• [Activity]: Search the entries for the word "Wireless" and report each line that has it.

• [Records supplied]:
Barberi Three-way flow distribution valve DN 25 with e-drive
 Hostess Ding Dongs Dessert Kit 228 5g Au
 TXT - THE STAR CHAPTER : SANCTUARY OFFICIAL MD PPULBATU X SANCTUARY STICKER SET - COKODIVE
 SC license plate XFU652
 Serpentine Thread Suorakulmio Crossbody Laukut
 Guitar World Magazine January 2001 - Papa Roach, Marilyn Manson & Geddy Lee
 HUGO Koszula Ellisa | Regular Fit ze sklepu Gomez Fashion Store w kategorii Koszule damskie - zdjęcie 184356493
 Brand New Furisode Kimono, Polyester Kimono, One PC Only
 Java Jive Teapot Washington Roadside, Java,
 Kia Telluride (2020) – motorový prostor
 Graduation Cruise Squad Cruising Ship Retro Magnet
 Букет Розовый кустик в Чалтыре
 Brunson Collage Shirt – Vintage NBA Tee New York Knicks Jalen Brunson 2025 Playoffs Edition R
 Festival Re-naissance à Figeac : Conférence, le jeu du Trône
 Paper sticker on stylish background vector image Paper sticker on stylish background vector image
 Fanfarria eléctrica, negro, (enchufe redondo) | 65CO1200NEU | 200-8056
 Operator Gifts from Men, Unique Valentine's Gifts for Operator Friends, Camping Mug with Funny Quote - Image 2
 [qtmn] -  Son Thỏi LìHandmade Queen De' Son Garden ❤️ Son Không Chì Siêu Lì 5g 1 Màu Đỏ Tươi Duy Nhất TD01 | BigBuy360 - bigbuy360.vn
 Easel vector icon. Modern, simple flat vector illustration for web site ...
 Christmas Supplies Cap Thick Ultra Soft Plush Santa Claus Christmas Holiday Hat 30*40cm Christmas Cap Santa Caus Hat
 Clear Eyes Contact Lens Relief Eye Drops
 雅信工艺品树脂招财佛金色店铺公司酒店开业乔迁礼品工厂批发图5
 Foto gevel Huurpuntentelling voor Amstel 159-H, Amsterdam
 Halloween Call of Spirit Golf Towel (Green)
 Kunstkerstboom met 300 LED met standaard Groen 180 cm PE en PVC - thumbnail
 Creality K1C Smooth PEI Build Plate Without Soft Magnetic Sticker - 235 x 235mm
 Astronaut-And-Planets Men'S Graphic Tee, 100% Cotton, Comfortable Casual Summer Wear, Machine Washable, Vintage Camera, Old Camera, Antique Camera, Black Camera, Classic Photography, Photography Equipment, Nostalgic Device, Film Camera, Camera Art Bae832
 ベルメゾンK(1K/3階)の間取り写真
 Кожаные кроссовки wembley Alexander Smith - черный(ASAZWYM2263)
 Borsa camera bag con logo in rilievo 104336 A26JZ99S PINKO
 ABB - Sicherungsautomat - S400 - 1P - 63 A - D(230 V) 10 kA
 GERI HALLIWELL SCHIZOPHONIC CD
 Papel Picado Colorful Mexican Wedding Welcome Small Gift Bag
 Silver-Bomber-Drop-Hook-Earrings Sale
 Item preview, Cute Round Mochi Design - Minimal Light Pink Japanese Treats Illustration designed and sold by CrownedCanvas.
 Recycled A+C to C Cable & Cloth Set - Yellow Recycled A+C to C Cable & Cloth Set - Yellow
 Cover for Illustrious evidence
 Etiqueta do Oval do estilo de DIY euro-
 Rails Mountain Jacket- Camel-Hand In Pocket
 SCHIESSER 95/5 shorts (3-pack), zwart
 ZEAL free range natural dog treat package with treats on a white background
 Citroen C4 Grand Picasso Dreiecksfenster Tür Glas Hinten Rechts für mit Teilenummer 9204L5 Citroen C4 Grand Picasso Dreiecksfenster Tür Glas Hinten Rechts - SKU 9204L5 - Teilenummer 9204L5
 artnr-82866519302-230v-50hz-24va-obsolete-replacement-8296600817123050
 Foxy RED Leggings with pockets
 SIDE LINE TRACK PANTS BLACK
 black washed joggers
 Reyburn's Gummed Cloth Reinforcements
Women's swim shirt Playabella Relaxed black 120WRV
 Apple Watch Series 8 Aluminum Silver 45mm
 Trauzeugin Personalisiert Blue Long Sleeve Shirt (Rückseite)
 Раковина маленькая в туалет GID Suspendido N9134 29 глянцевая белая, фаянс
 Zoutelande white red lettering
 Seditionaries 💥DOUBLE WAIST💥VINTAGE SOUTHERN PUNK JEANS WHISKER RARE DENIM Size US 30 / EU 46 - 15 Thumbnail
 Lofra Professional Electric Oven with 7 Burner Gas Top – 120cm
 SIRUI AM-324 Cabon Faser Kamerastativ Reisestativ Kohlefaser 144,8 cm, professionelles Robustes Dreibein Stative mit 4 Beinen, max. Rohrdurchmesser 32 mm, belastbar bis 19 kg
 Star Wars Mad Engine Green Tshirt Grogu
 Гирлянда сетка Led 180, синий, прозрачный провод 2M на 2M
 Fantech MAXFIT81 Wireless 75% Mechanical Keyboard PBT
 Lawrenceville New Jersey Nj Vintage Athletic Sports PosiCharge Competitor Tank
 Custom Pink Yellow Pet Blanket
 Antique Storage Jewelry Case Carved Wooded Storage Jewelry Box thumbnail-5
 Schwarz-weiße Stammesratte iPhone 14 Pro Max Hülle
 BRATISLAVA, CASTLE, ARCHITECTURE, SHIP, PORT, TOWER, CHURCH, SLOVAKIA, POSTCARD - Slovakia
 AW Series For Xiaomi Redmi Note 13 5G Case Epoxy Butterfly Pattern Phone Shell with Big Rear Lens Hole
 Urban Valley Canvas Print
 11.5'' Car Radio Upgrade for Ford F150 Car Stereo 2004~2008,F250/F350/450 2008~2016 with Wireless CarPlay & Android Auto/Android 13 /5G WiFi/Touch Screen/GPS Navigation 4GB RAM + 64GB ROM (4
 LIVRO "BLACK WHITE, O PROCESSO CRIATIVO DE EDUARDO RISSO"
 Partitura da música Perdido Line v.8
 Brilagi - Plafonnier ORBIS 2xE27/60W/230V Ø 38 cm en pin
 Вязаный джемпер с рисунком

• [Reply]:
 Fantech MAXFIT81 Wireless 75% Mechanical Keyboard PBT
 11.5'' Car Radio Upgrade for Ford F150 Car Stereo 2004~2008,F250/F350/450 2008~2016 with Wireless CarPlay & Android Auto/Android 13 /5G WiFi/Touch Screen/GPS Navigation 4GB RAM + 64GB ROM (4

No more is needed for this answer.